Laura Nelson is a new Assistant Professor of Sociology at the University of British Columbia studying social movements, culture, gender, and organizations and institutions. Her research has examined processes around the formation of collective identities and social movement strategy in feminist and environmental movements, continuities between cycles of activism and the role of place in shaping social movement activity, intersectionality in women’s movements and in the lived experiences during the 19th century in the U.S. South, gender inequality in startups and entrepreneurship, the translation of academic ideas to practice in the National Science Foundation’s ADVANCE program, and gender inequality in emergency medicine departments.
We spoke to Laura about her research, upcoming classes, and new teaching role with the Faculty.
What excites you about working at the University of British Columbia?
What drew me to UBC is a combination of three things:
First, UBC is well known for its impactful research — both academically but also research that addresses real-world problems. I am excited to connect with colleagues, as well as curious and motivated to connect with undergraduate and graduate students to expand my own research agenda, contribute to the ideas and work of others, and support the overall research community at UBC.
Second, I am a product of public education, from preschool through my PhD, and I think public education is one of the most important infrastructures in contemporary society. I’m excited to contribute to UBC’s mission of educating and training the next generation of students and to support public education as a resource to such a large and diverse body of students.
Third, UBC has many connections to international communities and institutions. As someone who collaborates with scholars in multiple countries, I’m excited to continue these international collaborations and to connect to more scholars, students, and institutions across the world.
“I am excited to connect with colleagues, as well as curious and motivated to connect with undergraduate and graduate students to expand my own research agenda, contribute to the ideas and work of others, and support the overall research community at UBC.”
What research project are you currently working on?

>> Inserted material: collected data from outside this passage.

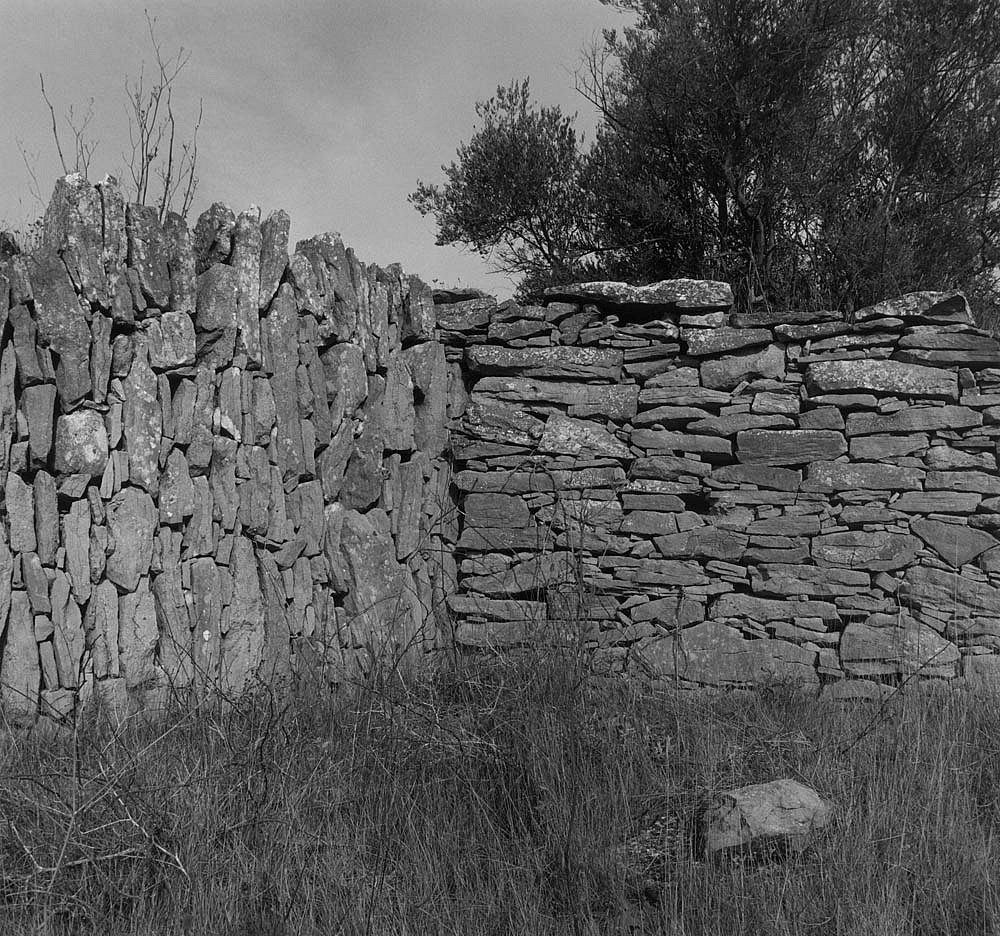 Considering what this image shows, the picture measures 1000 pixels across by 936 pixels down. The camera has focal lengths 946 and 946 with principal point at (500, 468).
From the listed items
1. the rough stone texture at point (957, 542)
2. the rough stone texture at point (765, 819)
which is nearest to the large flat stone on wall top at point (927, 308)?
the rough stone texture at point (957, 542)

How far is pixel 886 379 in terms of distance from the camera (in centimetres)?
528

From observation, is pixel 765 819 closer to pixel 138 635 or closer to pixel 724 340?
pixel 138 635

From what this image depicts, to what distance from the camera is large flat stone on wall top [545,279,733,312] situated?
5.50 metres

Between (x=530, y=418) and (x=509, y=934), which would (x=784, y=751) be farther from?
(x=530, y=418)

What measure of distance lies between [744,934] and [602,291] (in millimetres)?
3651

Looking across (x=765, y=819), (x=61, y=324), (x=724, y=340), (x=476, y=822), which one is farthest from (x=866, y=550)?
(x=61, y=324)

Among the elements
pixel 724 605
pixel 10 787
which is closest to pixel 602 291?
pixel 724 605

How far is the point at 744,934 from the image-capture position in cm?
278

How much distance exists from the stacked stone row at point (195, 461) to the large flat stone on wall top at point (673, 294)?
1.24 m

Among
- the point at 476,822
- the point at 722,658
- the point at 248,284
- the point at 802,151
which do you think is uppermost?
the point at 802,151

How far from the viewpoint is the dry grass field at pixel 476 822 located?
9.37 feet

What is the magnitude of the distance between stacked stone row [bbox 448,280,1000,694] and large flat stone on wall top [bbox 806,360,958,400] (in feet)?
0.04

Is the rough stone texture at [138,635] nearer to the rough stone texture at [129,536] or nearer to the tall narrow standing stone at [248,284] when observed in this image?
the rough stone texture at [129,536]

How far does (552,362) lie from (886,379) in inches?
74.0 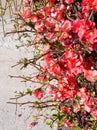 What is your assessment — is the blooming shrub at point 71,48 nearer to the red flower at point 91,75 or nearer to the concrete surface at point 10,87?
the red flower at point 91,75

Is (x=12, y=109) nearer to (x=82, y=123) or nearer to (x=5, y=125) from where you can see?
(x=5, y=125)

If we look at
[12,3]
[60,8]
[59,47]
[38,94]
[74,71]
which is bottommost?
[38,94]

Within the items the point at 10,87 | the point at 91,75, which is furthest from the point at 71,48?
the point at 10,87

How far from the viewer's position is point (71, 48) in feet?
7.44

I am a computational social scientist, which means I use computational techniques, such as machine learning and natural language processing, to analyze and extract insight from large amounts of social data — anything from historical archival documents, to websites, to social media, to data collected from apps used in workplaces. One of my current favourite projects is analyzing articles on Wikipedia that cover historical topics, such as the history of the National Woman’s Party or the history of Black feminism. I’m comparing the Wikipedia articles to large collections of primary material from these organizations and movements to determine what aspects of history are considered important enough to be included in Wikipedia, and what aspects of history tend to be ignored. The hope is to help make Wikipedia more thorough and inclusive in its coverage of historical topics.
Can you tell us about the courses are you teaching this year?
In the coming years, I plan to teach courses introducing computational methods and computer languages (such as R and Python) to social science and humanities students, at both the undergraduate and graduate levels, as well as a course on data and society. The goal of the data and society course will be to explore how and why digital data is collected, stored, used, communicated, assembled, and sold in today’s society, how it impacts our lives and society more broadly, and how we can, in turn, use these troves of data to gather insights about the social world in responsible and ethical ways, and in ways that can improve society.
“I love the questions and interactions that come from meeting students outside of your discipline.”
What is your teaching style in the classroom?
I tend to teach to interdisciplinary classrooms, with students from diverse disciplines such as economics, sociology, history, English, computer science, and mathematics. I love the questions and interactions that come from meeting students outside of your discipline, but it also comes with distinct challenges. In short, teaching in interdisciplinary classrooms requires an interdisciplinary style. This takes two forms: integration and application. I integrate the perspectives of many different disciplines into all my lessons. If I’m teaching algorithms, I integrate this with math and computer science, but also the socio-technical infrastructure that supports algorithms and impacts how they shape society. I also teach in an applied way. If I’m teaching Python (a scripting language), I don’t do so in the abstract, but I teach Python with an applied purpose: Python for text analysis, Python for social data analysis, Python for data visualization. This helps students from a range of disciplinary backgrounds understand how skills and knowledge relate directly to their own interests, and also encourages students to apply these skills directly to what motivates them.
What should students expect from you as a teacher?
Expect to be challenged, to work on real-world problems and projects, and to come away with something concrete that you created. I want you to learn, to apply your skills, and to produce something you’re proud of when you take my course (and may also help you get a job when you graduate 🙂).
What are you most looking forward to this upcoming school year?
I’m looking forward to getting to know my new colleagues and students over the next year. But I’m also looking forward to exploring campus and Vancouver. I love the mountains, I love hiking and camping, and I’m a snowboarder. In addition to learning more about this vibrant intellectual community, I’m super excited to take advantage of the incredible natural wonders this area offers.